Risk parity is a strategy pioneered by Bridgewater’s Ray Dalio. His pioneering fund, All Weather, has been hit hard in the recent turmoil, sliding 12 per cent this year. That is quite a fall, for a strategy designed to function well in almost any market environment, by seeking to find a perfect balance of different asset classes such as stocks and bonds.
Some analysts say such funds are not just succumbing to the wider turmoil but exacerbating it — especially the freakish sight of both supposedly defensive government bonds and risky equities selling off at the same time. “These moves suggest a rapid unwind of leveraged strategies like risk parity,” said Alberto Gallo, a fund manager at Algebris Investments.
Charlie McElligott, a Nomura strategist, estimates risk parity funds have dumped more than half their holdings in just a few weeks, making the strategy “by far the largest culprit in the cross-asset deleveraging purge” seen in recent days. Does it deserve such opprobrium?

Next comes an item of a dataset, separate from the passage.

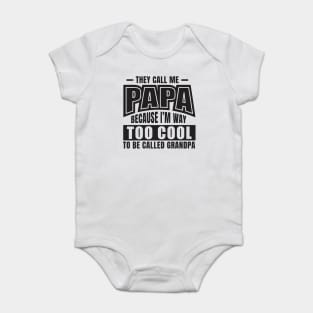 They Call Me PAPA Because I'm way Too Cool To Be Called Grandpa Baby Bodysuit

The strategy can trace its origins to an unlikely source: the Chicken McNugget.
When Mr Dalio was an economic consultant in the early 1980s, one of his clients was McDonald’s, which asked him to solve a conundrum. The fast-food company wanted to start selling chicken nuggets, but could not agree to a fixed price with poultry producers. There was no chicken futures market, and neither McDonald’s nor its potential supplier wanted to shoulder the risk of fluctuating prices.

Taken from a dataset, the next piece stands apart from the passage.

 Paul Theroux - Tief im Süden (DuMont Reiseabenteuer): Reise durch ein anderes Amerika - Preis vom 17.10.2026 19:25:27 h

So Mr Dalio broke it down into its components — the cost of corn and soyabean to feed the chicks — and created a “synthetic” future that gave the poultry producer the hedge it needed. And thus, the McNugget was born.
Breaking down assets into their components and reassembling them is the bedrock of what is now Bridgewater Associates, the world’s biggest hedge fund. It also underpinned the creation of All Weather in 1996. It was envisaged as a passive investment portfolio of diversified assets for Mr Dalio’s own trust, designed to perform irrespective of the market climate.
The classical balanced investment portfolio is made up of 60 per cent equities and 40 per cent bonds. But Mr Dalio thought this was a bit crude. If one invests $6 in the S&P 500 and $4 in bonds, the greater volatility of equities will swamp the steadiness of fixed income. Investing $3 in stocks and $7 in bonds makes the portfolio less volatile, but is also likely to dampen returns.
So All Weather used leverage to juice up the bond allocation, so that all parts of the portfolio have roughly the same volatility. Add more uncorrelated asset classes, such as inflation-protected bonds and commodities, and one should have a better-balanced vehicle that should in theory do well in most environments. Risk parity funds periodically rebalance to keep the volatility of each bucket roughly constant, and typically target an overall volatility level of 10-12 per cent.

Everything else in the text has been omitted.